§ **WORK REQUEST**
Copy exactly the lines of the records below, and only those lines, beginning with the line that contains "Techniche International USA" and ending with the line that contains "American Racing Vintage".

§ **PROVIDED ENTRIES**
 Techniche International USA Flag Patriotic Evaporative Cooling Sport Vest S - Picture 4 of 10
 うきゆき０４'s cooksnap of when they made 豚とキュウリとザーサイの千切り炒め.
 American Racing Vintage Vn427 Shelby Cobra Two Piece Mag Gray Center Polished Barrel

==

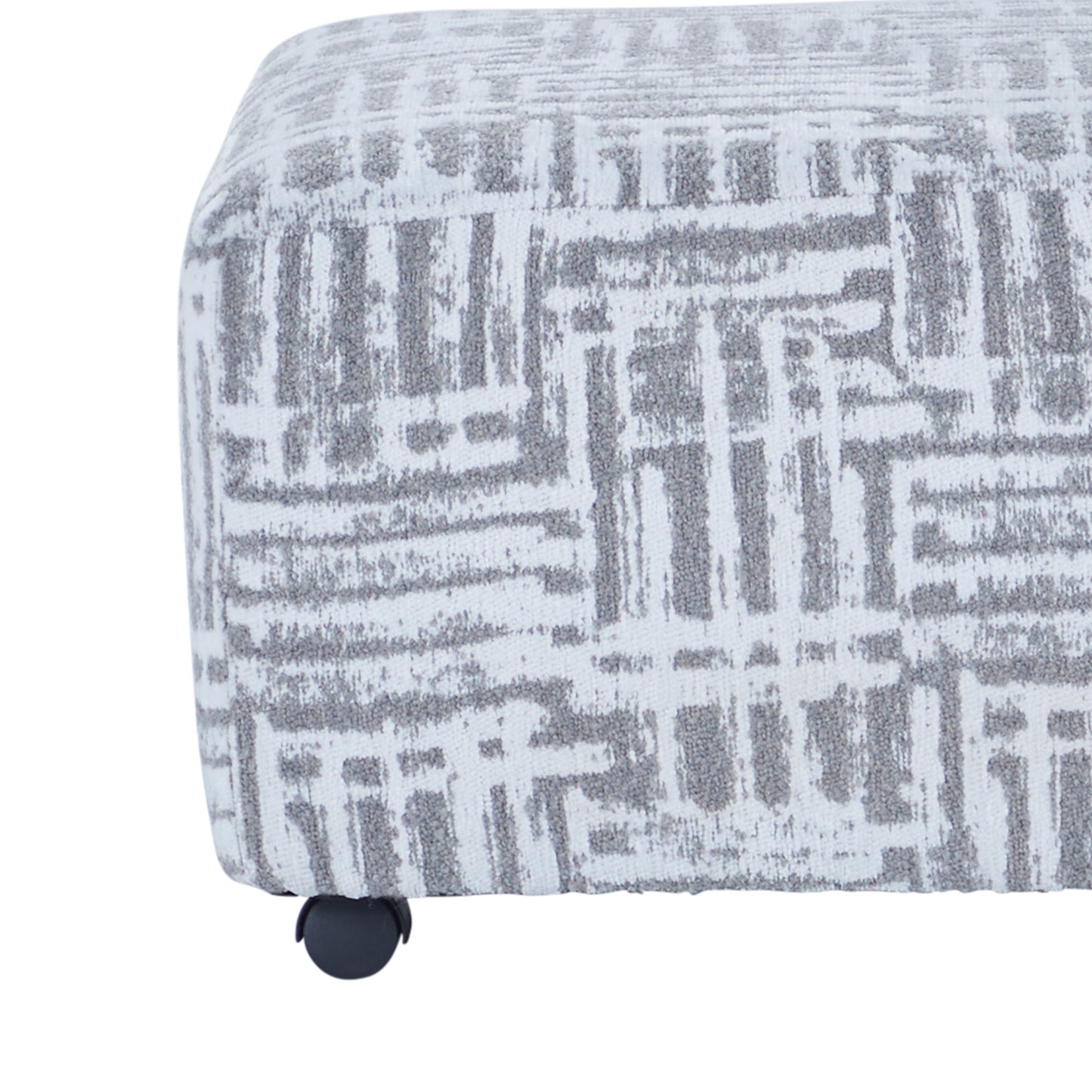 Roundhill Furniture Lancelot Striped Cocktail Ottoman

§ **FINISHED EXERCISE**
 Techniche International USA Flag Patriotic Evaporative Cooling Sport Vest S - Picture 4 of 10
 うきゆき０４'s cooksnap of when they made 豚とキュウリとザーサイの千切り炒め.
 American Racing Vintage Vn427 Shelby Cobra Two Piece Mag Gray Center Polished Barrel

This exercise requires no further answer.